* **DATASET EXTRACT**
-=-=-
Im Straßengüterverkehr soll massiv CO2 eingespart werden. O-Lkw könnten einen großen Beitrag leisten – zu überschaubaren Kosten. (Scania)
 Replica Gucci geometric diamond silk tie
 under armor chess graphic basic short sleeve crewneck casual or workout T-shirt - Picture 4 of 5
-=-=-
* **DESCRIPTION OF THE TASK**
Copy out the data shown above in full. Match it exactly.

* **REPLY TO THE TASK**
Im Straßengüterverkehr soll massiv CO2 eingespart werden. O-Lkw könnten einen großen Beitrag leisten – zu überschaubaren Kosten. (Scania)
 Replica Gucci geometric diamond silk tie
 under armor chess graphic basic short sleeve crewneck casual or workout T-shirt - Picture 4 of 5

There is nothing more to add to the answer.